Saturday, April 14, 2007

Here's our BIG SISTER shirts!


So what do you think? I think they turned out pretty good! We even made a green one for Kendell! We will put her hand or foot print on it when she comes home! The kids get so excited about doing projects like this and who would blame them! I love doing it too. So I think we are getting closer to ready. We are going to belly cast but I don't think we are going to do that until the 24th. Or...if I go into labor or think I am going to go into labor soon...I might "make" Sean cast me real quick! I have to get it done!
At my appointment yesterday I was 2cm. Who knows what that really means. Dr.Yao said "you are very favorable for induction, but I don't know if you will make it that far" and I thought. "UM I BETTER!" Beth just sent me an email telling me that she will be available for a sleepover on the Thursday after Kendell's birth so that will be nice! Sean will be able to go home and I will still be content knowing that someone will be there in case I "need" something. And I have promised her that she can be my "go get that" girl. I am sure she is up for the challenge!
Thank you all for your prayers. I seem to be getting a bit happier about life in general. I praise God for what I have!
TTYL
E

Thursday, April 12, 2007

Ok...here's the secret.

For the last week I have known when Kendell was coming.

Sean and I chose to avoid the possibility of delivering with no insurance in May, and have decided to induce. It's a 20K decision that I would just rather not worry about. It is not exactly what I wanted but I am content with knowing that we are making the decision for our family.

So...in a few weeks I will have Kendell. I am scared. I will need people.

This has been such a high stress pregnancy, I just want the stress to end!

She is coming on 4/25

Monday, April 9, 2007

Do you really trust that God is in control?

Lately it seems like this has been a challenge for me. And I am standing up telling you that I actually need people to remind me that "God is in control". It is kinda funny because I am usually the one who tells others that there is a reason for everything and that God is in control. But do I know that. Do I trust that when it is crunch time? I know that in God's word it says it over and over, but I need these words to resonate and become more real than they are. And then I think...It's not about what I need. Its all about him. Not me.
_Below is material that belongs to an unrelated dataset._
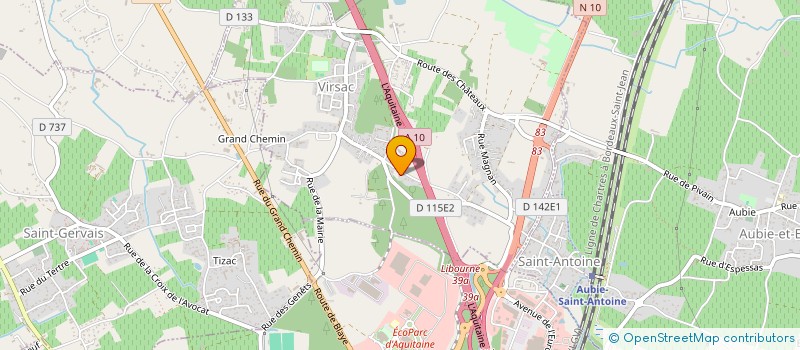 localisation de l'entreprise SCI DUFOUR  VIRSAC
So I have obsessive thinking about two things during the day. 1. Be anxious about nothing, God is in control. 2. If i'm not going to worry about the situation how will anything get "fixed".

See the problem...The first phrase or way of thinking is calming and the second makes me worry and anxious. So I cycle during the day. And the really stupid thing is that I know the 2nd phrase is a false belief, but I can't seem to shake it.

So what does this mean for anyone who reads this who matters...please pray. I am not wandering around without a purpose, but I definatly am nervous about all that is going to change in our lives soon and Sean's health. I do worry that I might be the only person on this planet in which God doesn't have a plan for. But I also know that I have felt this way many times and it isn't true.

So where is it harder to live...in God's grace and control or in under my own control? Honestly...I don't have an answer. It is a hard shift.

Wednesday, April 4, 2007

HE HAS ARRIVED!!!!

According to the new Auntie Katelyn...

Carter has arrived and is doing well. He was born today at 2:22pm and weighes 6lbs. 1oz. He is 20 inches long.

She told me that Kara was induced last night at 10pm and had been in labor since.

Both Kara and Carter are doing well, but are understandably exhausted! Please continue to pray for them!

Tuesday, April 3, 2007

And now the wait begins!

Well...we have all been waiting for over 5 years but NOW the real wait begins. Right about now Kara is at her doctors office getting her last exam performed before being sent over to the hospital to begin her induction. Please remember to pray for her, Derric and Carter over these next few days. I spoke with her today and she sounded really excited and really happy! I think I can speak for all of when we say..."A prince is on the way!".

I can't wait to meet him! But really I can't wait to hear that he is healthy and safe in his parents arms.